Söz konusu protokolün, ailenin korunması ve güçlendirilmesinde kısa, orta ve uzun vadeli faaliyetleri kapsayacak 5 yıllık bir faaliyet planı ve takvimini içerdiğini ifade eden Göktaş, şöyle konuştu:
"Bugün sizlerle paylaştığımız 'Gözünden Sakındığını Dijitalden Sakın' farkındalık çalışması ile de özellikle anne-babalara seslenmek istiyoruz. Çağımızda en büyük güç bilgidir. Fakat sosyal medya kanallarına aktardığımız kişisel bilgilerimiz bize karşı kullanılan güçlü silahlara dönüşebilir. Mahremiyet kavramının beden bütünlüğü, aile birliğinin ötesinde görsel temsilleri de kapsadığına dikkati çekmek, önemli bir toplumsal ihtiyaç haline gelmiştir. İşte bu farkındalık çalışması bu ihtiyacın karşılanması için hazırlanmıştır. Amacımız, her şeyden önce ailemizin göz bebeği olan çocuklarımızı olası bütün zararlardan korumaktır. Sevgili anne babalar, çocuklarınız her şeyden önce sizin için çok kıymetliler, biliyoruz. Ancak onların görsellerini kullanmanın onları birer meta haline getirme olabileceğini unutmamalıyız.
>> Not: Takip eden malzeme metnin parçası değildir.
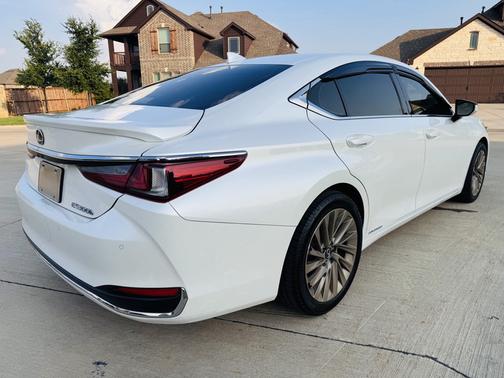 2019 Lexus ES 300h Ultra Luxury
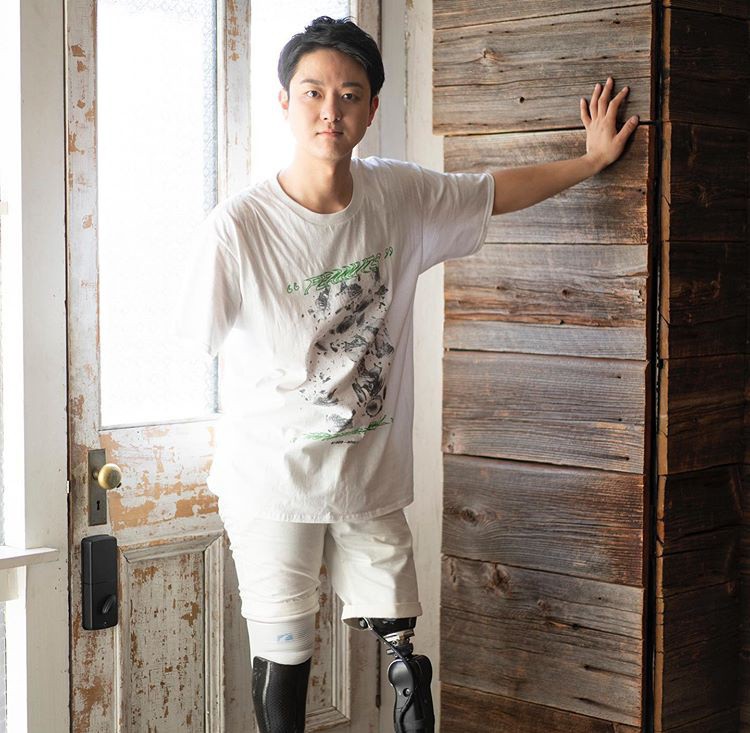 Mất tay, chân vì tai nạn chàng trai Nhật Bản trở thành vlogger nổi tiếng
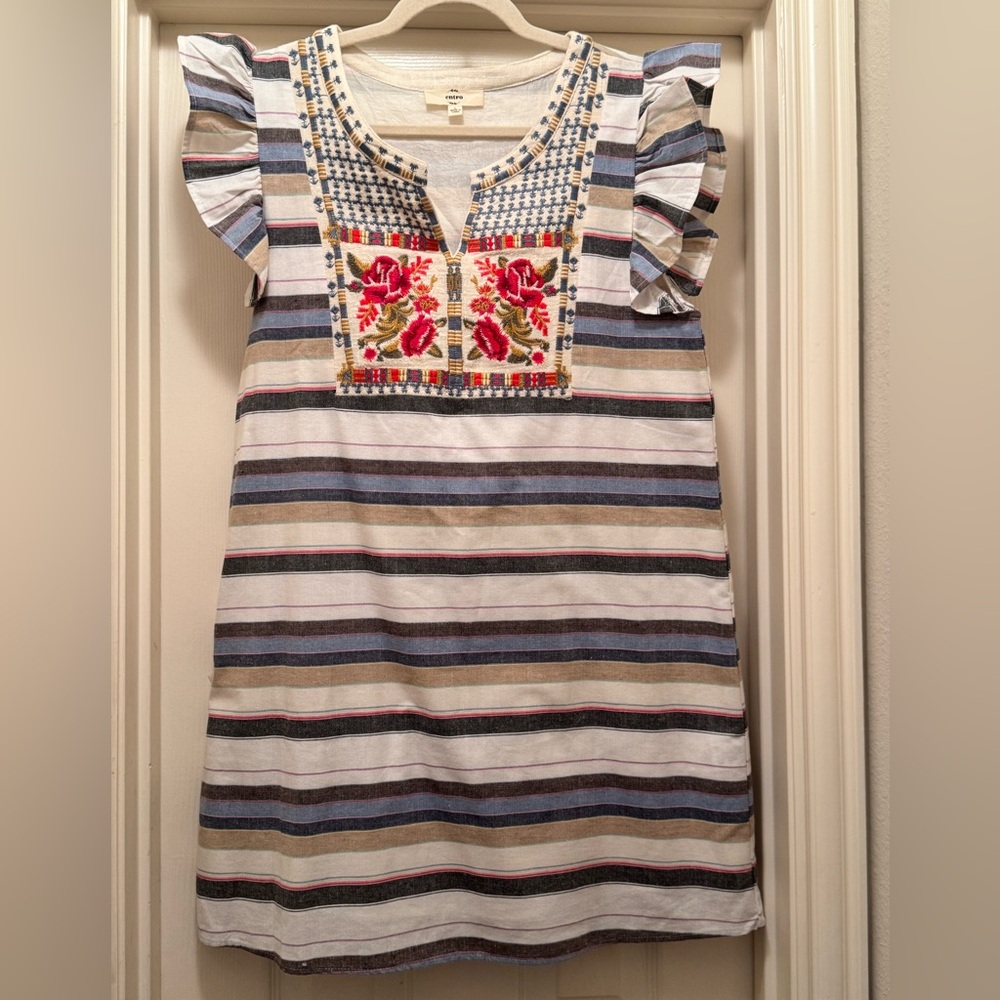 Like New Entro Embroidered Mini Dress Size Large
Tabii ki onlarla gurur duymalısınız ancak bu onların her anını sürekli paylaşarak sosyal medyada bir beğenme arzusunun devam etmesine sebep olmamalı. Bu noktada hep beraber daha dikkatli olmamızın önemli olduğunu düşünüyoruz. Dilerim bu çalışmalarımız çocuklarımız başta olmak üzere aile ve toplum yapısı üzerinde olumlu etkiler uyandırır ve medyanın doğru kullanımına dair örnekleri arttırır."
Televizyon yapımlarının çocuklar üzerindeki etkisi
RTÜK Başkanı Ebubekir Şahin de çocuk ve aile konusunun RTÜK'ün kırmızı çizgisi olduğunu söyledi.
" Aile kurumunu dinamitleyecek, geleceğimizi mahvetmeye niyetli odaklarla topyekun bir mücadele içerisinde olmamız gerekmektedir." diyen Şahin, ailenin huzur ve mutluluğunu tehdit eden kötü alışkanlıklar ve bağımlılıklara karşı farkındalık çalışmalarını da hayatı geçireceklerini ifade etti.
Türkiye'de ailelerin asgari günde ortalama 4 saat televizyon izlediğini açıklayan Şahin, televizyonların toplum ve aile üzerindeki önemli etkilerinin görmezden gelinemeyeceğini vurguladı.
Şahin, televizyon yapımlarındaki giyim kuşam ve beslenme gibi her unsurun çocukların hareketlerine etki ettiğini söyledi.
Programda, proje danışmanları Prof. Dr. Mücahit Öztürk ile Prof. Dr. Emine Nilüfer Pembecioğlu da konuşma yaptı.
Aile ve Sosyal Hizmetler Bakan Yardımcısı Leman Yenigün ve RTÜK Başkanı Şahin, konuşmaların ardından protokolü imzaladı.
Programda, Gözünden Sakındığını Dijitalden Sakın Projesi çerçevesinde kullanılacak kamu spotu videosunun gösterimi de yapıldı.